Feature Evaluation and Selection
---------------------------------
``evaluate_features()`` scores each generated feature using mutual information (classification) or Pearson/Spearman correlation (regression). Use the results to select only features that provide real signal before training your final model.

.. code-block:: python

    # Score features on training data
    eval_result = engineer.evaluate_features(X_train, y_train, is_transformed=False)
    print(eval_result.summary())

    # Select features with a positive mutual information score
    scores = eval_result.summary()
    good_features = scores[scores["mutual_information"] > 0].index.tolist()

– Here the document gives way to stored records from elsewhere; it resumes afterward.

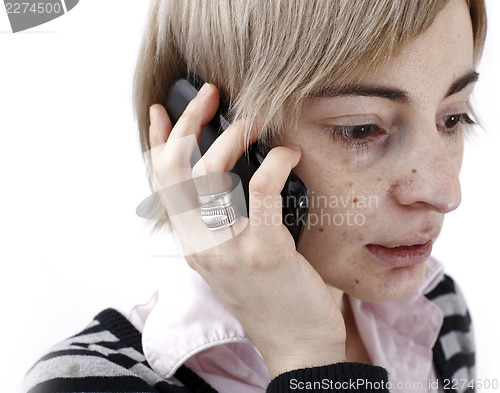 Image of Woman talking on phone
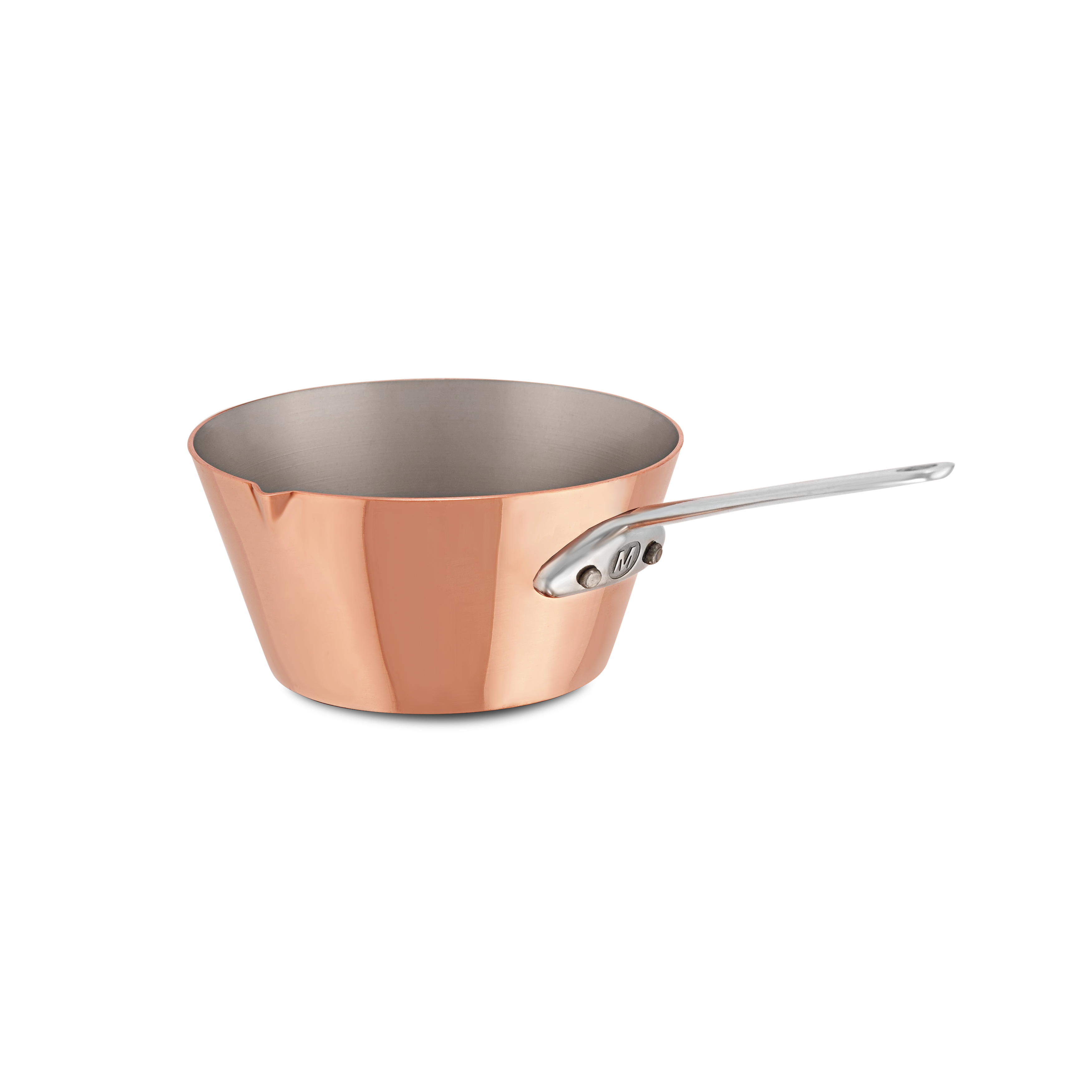 Mauviel M'MINIS Splayed Saute Pan With Cast Stainless Steel Handle & Pouring Edge, 3.5-in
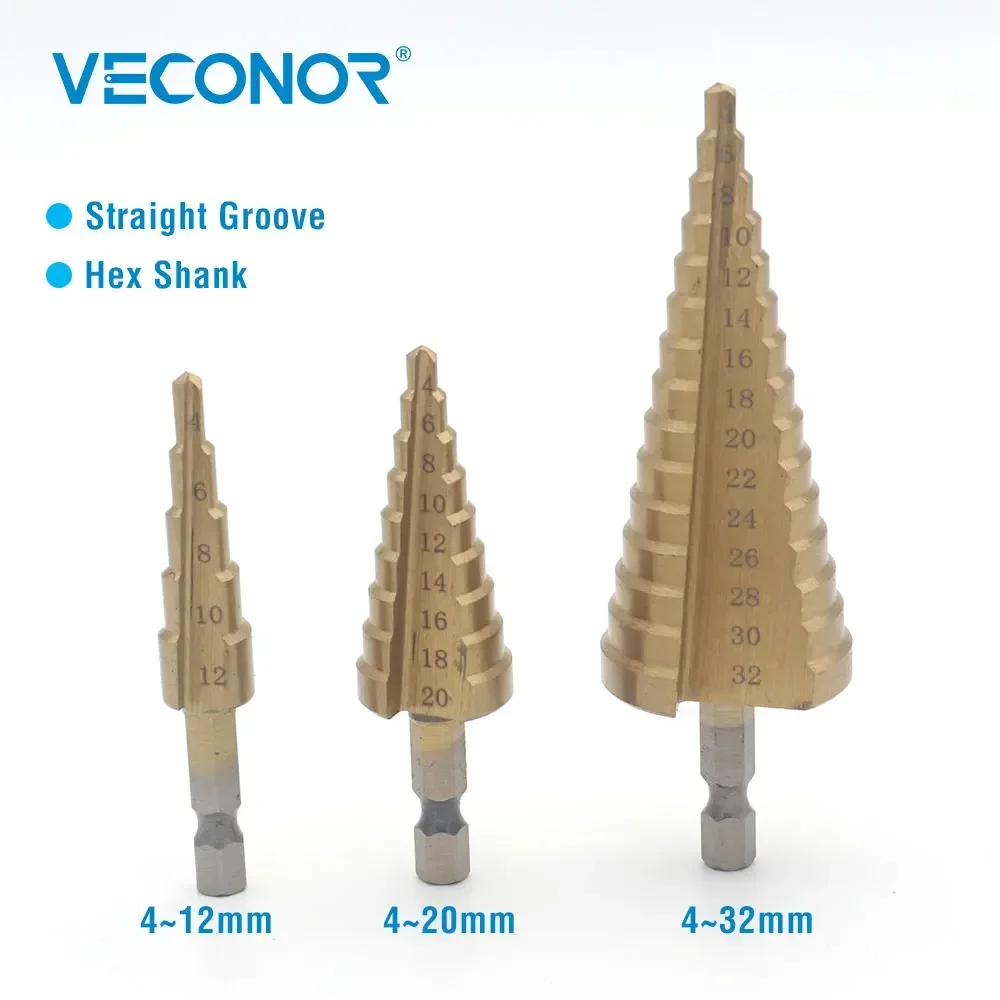 3Pcs HSS Steel Set Drill Bit for Metal High Speed Steel Step Cone Drill Cutter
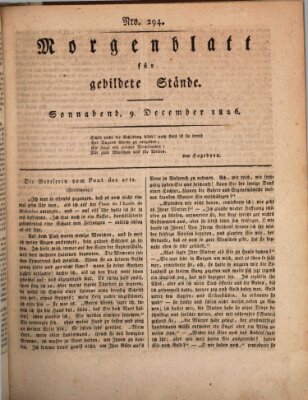 Morgenblatt für gebildete Stände Samstag 9. Dezember 1826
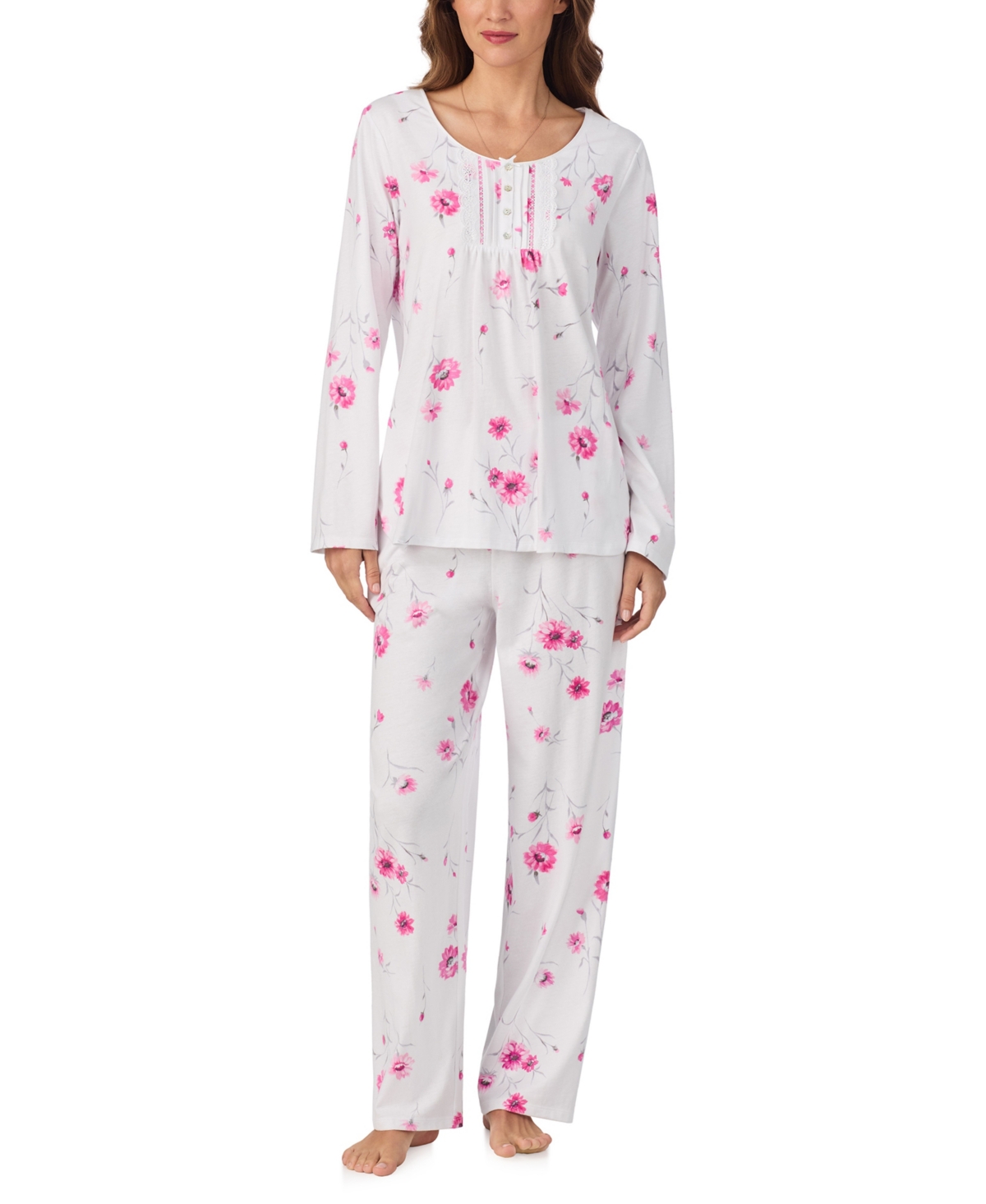 Eileen West Women's Brushed Cotton Jersey Long Sleeve Pajama Set In Animal Print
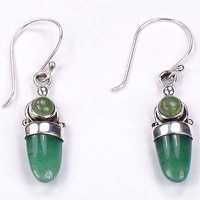 Delicate Green Corundum & Prenite Gemstone Silver Earrings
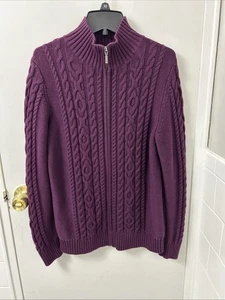 Suéter LL Bean Doble L Mujer M Rojo Borgoña Tejido con Cable Cremallera Completa YKK 298836 - Imagen 1 de 11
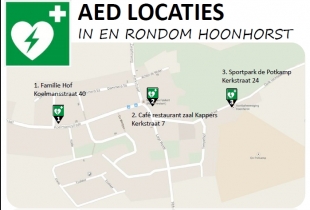 Overzicht AED locaties in Hoonhorst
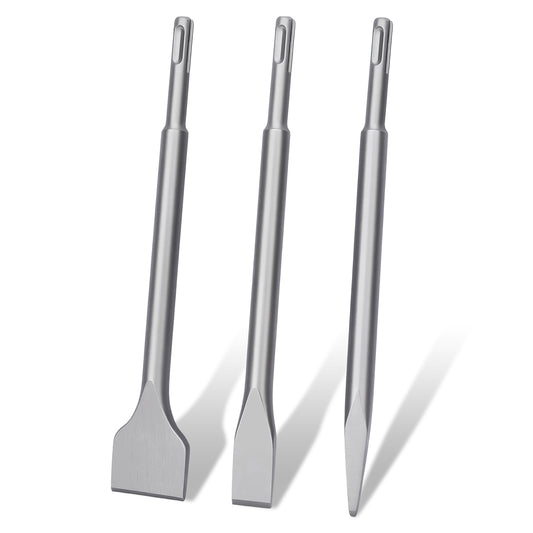 Three silver metal chisel and hammer driver tools with long handles, shown standing upright on a white background.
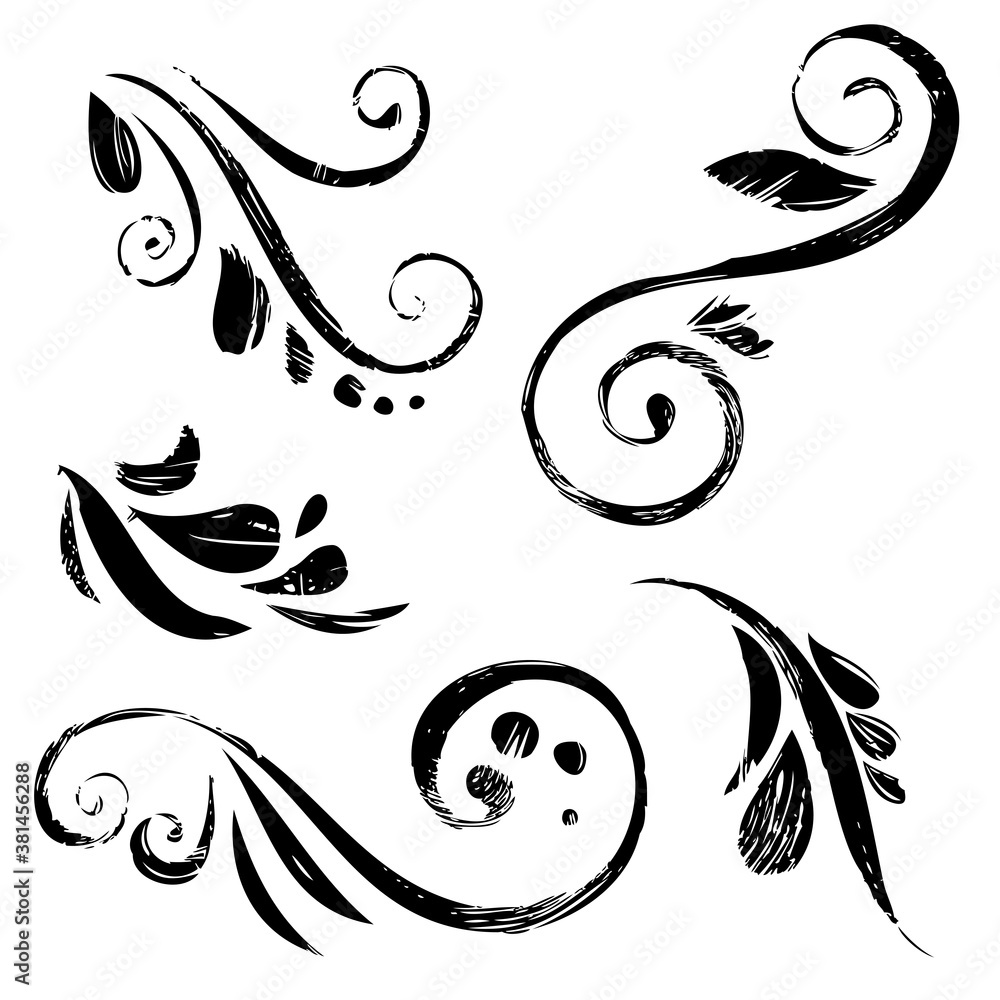 Obraz premium Grunge floral pattern; vector set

    # Build train and test sets with only the selected features
    base_cols = X_train.columns.tolist()
    X_train_eng = engineer.transform(X_train)[base_cols + good_features]
    X_test_eng = engineer.transform(X_test)[base_cols + good_features]


Production Pipeline
--------------------
After evaluating and selecting features, export them to a ``FeatureEngineeringTransformer`` for use in a scikit-learn ``Pipeline``. This separates the LLM exploration phase from deterministic production inference.

.. code-block:: python

    from sklearn.pipeline import Pipeline
    from xgboost import XGBClassifier
    from skfeaturellm import LLMFeatureEngineer, FeatureEngineeringTransformer

    # --- Exploration: fit and evaluate ---
    engineer = LLMFeatureEngineer(
        problem_type="classification",
        model_name="gpt-4o",
        max_features=10,
    )
    engineer.fit(X_train, y=y_train, feature_descriptions=feature_descriptions)
    engineer.transform(X_train)  # populates generated_features

    # Evaluate and select
    eval_result = engineer.evaluate_features(X_train, y_train)
    good_features = (
        eval_result.summary()[eval_result.summary()["mutual_information"] > 0]
        .index.tolist()
    )

    # --- Production: export to a deterministic transformer ---
    transformer = engineer.to_transformer(features=good_features)

    pipeline = Pipeline([
        ("features", transformer),
        ("model", XGBClassifier()),
    ])
    pipeline.fit(X_train, y_train)
    y_pred = pipeline.predict(X_test)


Saving and Loading
------------------
Serialize the ``FeatureEngineeringTransformer`` to JSON so the LLM is never called again. Only the transformation configs are stored — call ``fit()`` to re-learn stateful parameters (e.g., bin edges) on any data split.

.. code-block:: python

    from skfeaturellm import FeatureEngineeringTransformer

    # Save transformation configs
    transformer.save("transformer.json")

    # Restore in a later session or on a different machine
    loaded = FeatureEngineeringTransformer.load("transformer.json")

    # Fit on training data and apply — no LLM call required
    pipeline = Pipeline([("features", loaded), ("model", XGBClassifier())])
    pipeline.fit(X_train, y_train)
    y_pred = pipeline.predict(X_test)


Notebook Tutorial
-----------------
A complete end-to-end tutorial using the `Bank Loan Credit Risk dataset <https://www.kaggle.com/datasets/udaymalviya/bank-loan-data>`_ is available as a Jupyter notebook in the ``examples/`` directory of the repository:

- `01_SKFeatureLLM_Tutorial.ipynb <https://github.com/RobertoCorti/skfeaturellm/blob/main/examples/01_SKFeatureLLM_Tutorial.ipynb>`_

The notebook covers: data loading with ``kagglehub``, baseline XGBoost, LLM feature engineering with dataset statistics injection, per-feature evaluation, feature selection, and production deployment with ``FeatureEngineeringTransformer`` inside a scikit-learn ``Pipeline``.